# Canon Immagerunner ir2525i setup question

## szensz-siempre

Hi,

At the office we have an Canon ir2525i to which everyone on my floor prints. They all use Windows and out IT department set up their machines to print over the network. Seeing as I have chosen to run on Gentoo they cannot help me. 

I have tried with my limited knowledge to do it myself. Using the CUPS administration page the printer was detected without a problem, then I tried to install using a PPD file I got from the Canon website. However, when I enter the Admin/Printers page the printer is idle with the following error message: " *Quote:*   

> Idle - "/usr/libexec/cups/filter/foomatic-rip failed"

 

** Edit ** After changing the ppd file to cel-ir2525-ps-en.ppd.gz rather than cel-ir2525-pxl-en.ppd.gz I no longer get the error message. The log shows my job as having being completed, but nothing happens at the printer.

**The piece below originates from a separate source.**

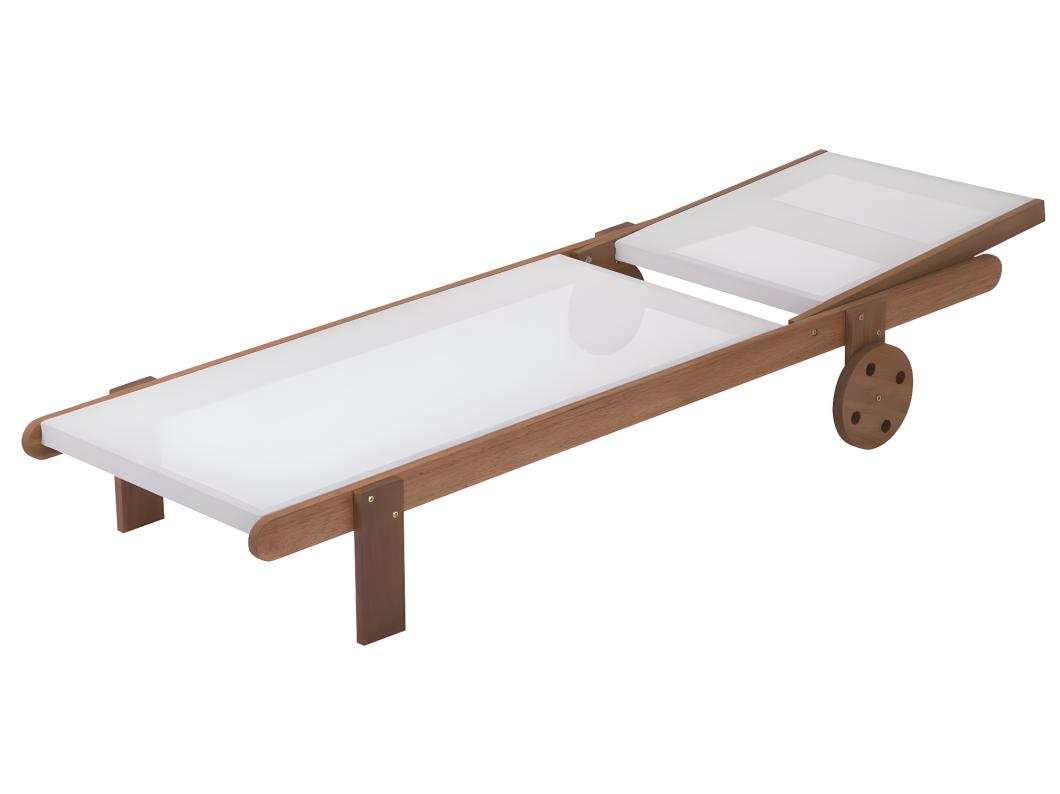 Bain de soleil en bois exotique "Saïgon" - Maple - Ecru - Lot de 4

I next tried to install CQue2.0-3 from http://software.canon-europe.com/software/0042573.asp by running the setup script.

It fails with a missing libpng12.so.0 library, which is a problem as libpng-1.2.44 is no longer in portage.

Can anyone help me install and use this printer over the network?

Any help is appreciated.

----------

## ShadowCat8

Greetings,

At our office here, we have an imageCLASS MF7470 and I use the imageRunner 330s Foomatic driver to be able to print to it.  It works quite well.  You may want to give that a shot and see if you can get a test page printed from that.

As far as the libpng12 issue, have you run 'revdep-rebuild' yet?

HTH.  Let us know.

----------

## szensz-siempre

Hi ShadowCat8, still no resolution here and no-one seems able to help me (I asked one of the canon techies that came for routine maintenance).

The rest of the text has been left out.